Pentingnya Kajian Antropologi Agama
Kegunaan
pengetahuan ilmiah, selain untuk mengetahui sesuatu yang belum di ketahui, juga
untuk dapat menentukan sikap yang tepat dalam berhadapan dengan sesuatu yang
telah di teliti itu sehingga apa yang di inginkan dapat di capai dengan
efisien.
Sebagai hasil
ilmiah, sebagai kajian kenapa suatu fenomena terjadi antropologi agama dapat di
manfaatkan oleh siapa saja, baik oleh yang tidak senang terhadap berkem bangnya agama tersebut, maupun oleh pemuka
agama yang bersangkutan. Sama seperti penemuan energi atom . teori energi atom
dapat di pakai untuk kebaikan, seperti pembangkit tenaga listrik, maupun untuk
kejahatan, seperti untuk bom atom yang akan memusanahkan uma manusia dan
makhluk hidup lainnya. Menjajah indonesia suatu bangsa yang tinggal di negara
kecil menjajah negara yang demikian besar di antaranya adalah karena penjelasan
yang demikian terperinci tentang masyarakat indonesia yang di hasilkan oleh
penelitian antropologi.
Pendidikan
agama, selain memerlukan pengetahuan antropologis dari kelompok yang akan di
didik atau peserta didik juga di perlukan pengetahuan yang memadai tentang
psikologi peserta didik. Jadi kalau antropologi menempatkan suatu kelompok
masyarakat dengan budaya yang sama ataupun yang berbeda dengan kelompok budaya
lain, psikologi memandang seseorang atau individu berbeda dari individu yang lain
karena berbagai faktor fisik dan non-fisik, bawaan, dan binaan, individu dan
lingkungan. Antropologi pun memerhatikan pula faktor psikologis ini yang khusus
di pelajari dalam antropologi psikologi.
Kalau dakwah
dan pendidikan agama saja ternayta memerlukan hasil kajian antropologis,
apalagi usaha pembangunan masyarakat dan negara yang mencakup berbagai aspek
kehidupan dan di tunjukan kepada rakyat yang multisuku bangsa dengan
multibudaya dan agama sangat memerlukan informasi dari hasil penelitian antropologi
termasuk antropologi agama. Sebab, pandangan dan perilaku masyarakat banyak di
pengaruhi oleh ajaran dan komunitas agamanya yang membutuhkan hasil studi
tentang agama secara antropologis, bukan saja negara agana atau negara yang mementingkan pembinaan kehidupan beragama,
tetapi juga negara sekular pun memerlukannya untuk dapat menentukan cara
mengahadapi masyarakat dengan efektif, efisien, da halus.[11]
F.
Istilah Agama
Pada umumnya di
indonesia di gunakan istilah ‘agama’ yang sama artinya dengan istilah asing
‘religie’ atau ‘ godsdienst’ (belanda) atau ‘religion’ (inggris). Istilah
‘agama’ berasal dari bahasa sansekerta yang pengertiannya menunjukan adanya
kepercayaan manusia berdasarkan wahyu dari tuhan. Dalam arti linguistik kata
agama berasal dari suku kata A-GAM-A, kata ‘A’ berarti tidak, kata ‘GAM’

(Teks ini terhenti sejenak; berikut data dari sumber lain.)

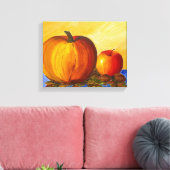 Pumpkin und Nuts Canvas Print Leinwanddruck (Insitu (Wohnzimmer))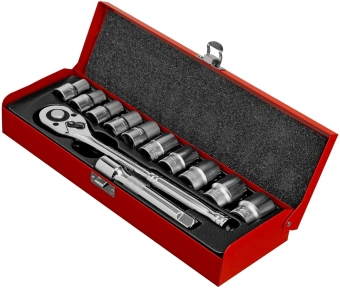 Набор торцевых головок Matrix 13526 в комплекте 12 предметов +жесткий кейс - купить недорого с доставкой в интернет-магазине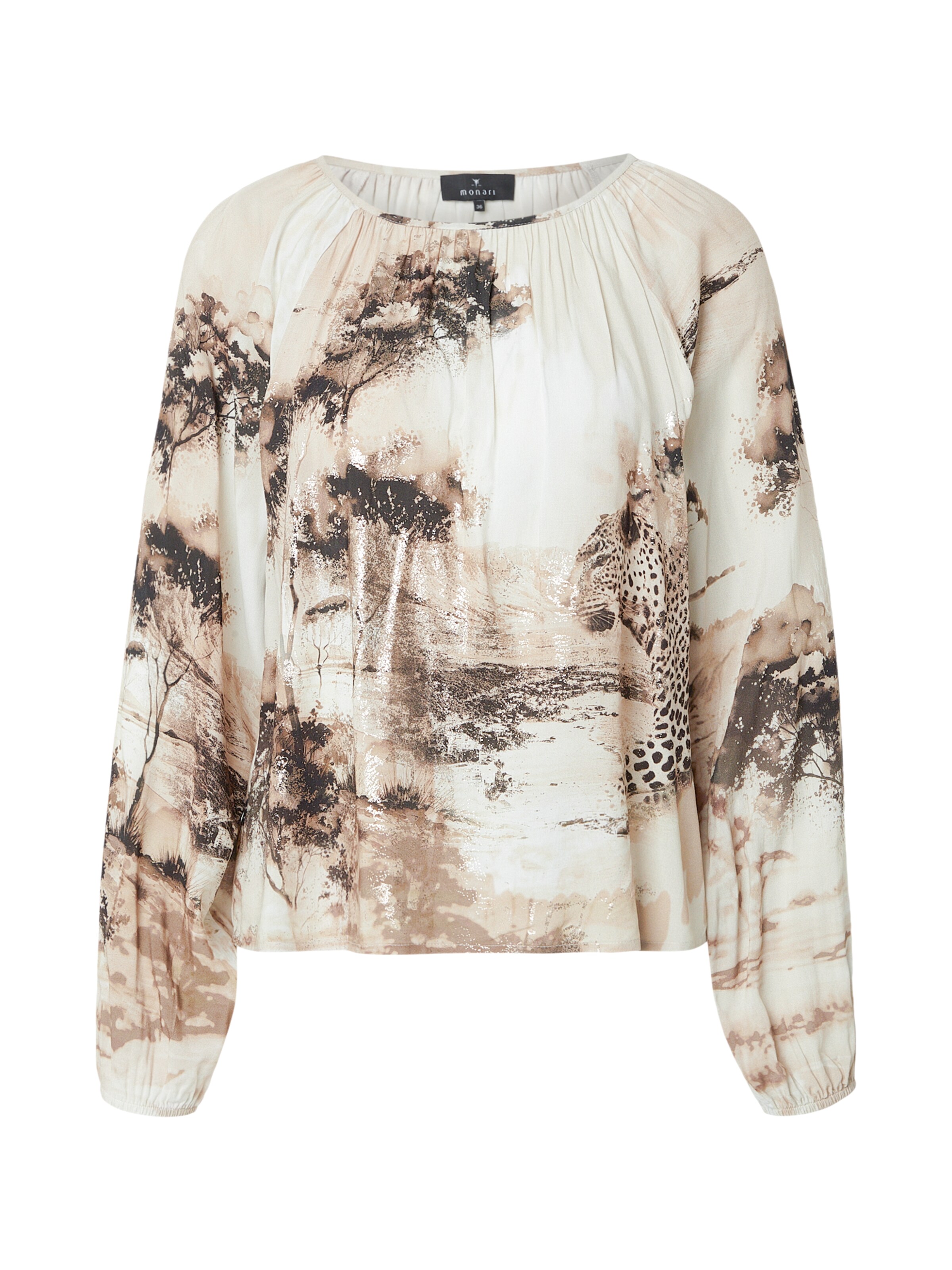 balts monari Blūze: no priekšpuses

berarti ‘pergi’ atau ‘berjalan’, sedangkan kata akhiran ‘A’ merupakan kata
sifat yang menguatkan yang kekal. Jadi istilah ‘Agam’ atau ‘agama’ berarti
;tidak pergi’ atau ‘tidak berjalan’ alias ‘tetap’ (kekal, eternal), sehingga
pada umunya kata A-GAM atau AGAMA mengandung arti pedoman hidup yang kekal
(Hassan Shadily, Ensiki. 1980-105)[12].
G.
Teori Asal Mula Agama
Banyak pendapat
para ahli tentang asal mula agama itu sebagaimana di kemukakan koentjaraningrat
adalah ahli sejarah C. De Brosses (1769), ahli Filsafat August Comte (1850),
ahli filologi F.Max Muller (1880), dan
lainnya. Kemudian barulah muncul teori-teori dari para ahli Antropologi seperti
E.B. Taylor (1880), R.R. Marett (1909), J.G. Frazer (1890),
E. Durkheim
(1912), dan W.Schmidt (1921) (Koetjaraningrat 1966: 207-208). Dari teori-teori
mereka ini orang berpendapat bahwa perkembangan agama it mulai dari Animisme,
Dinamisme, Politeisme dan baru kemudian Monoteisme.[13]
1.
Teori Tylor
Sarjana yang di
anggap pertama kali mengemukakan pendapat bahwa asal mula dari agama adalah
‘Animisme’ (paham tentang roh atau jiwa) ialah sarjana antropologi inggris E.B.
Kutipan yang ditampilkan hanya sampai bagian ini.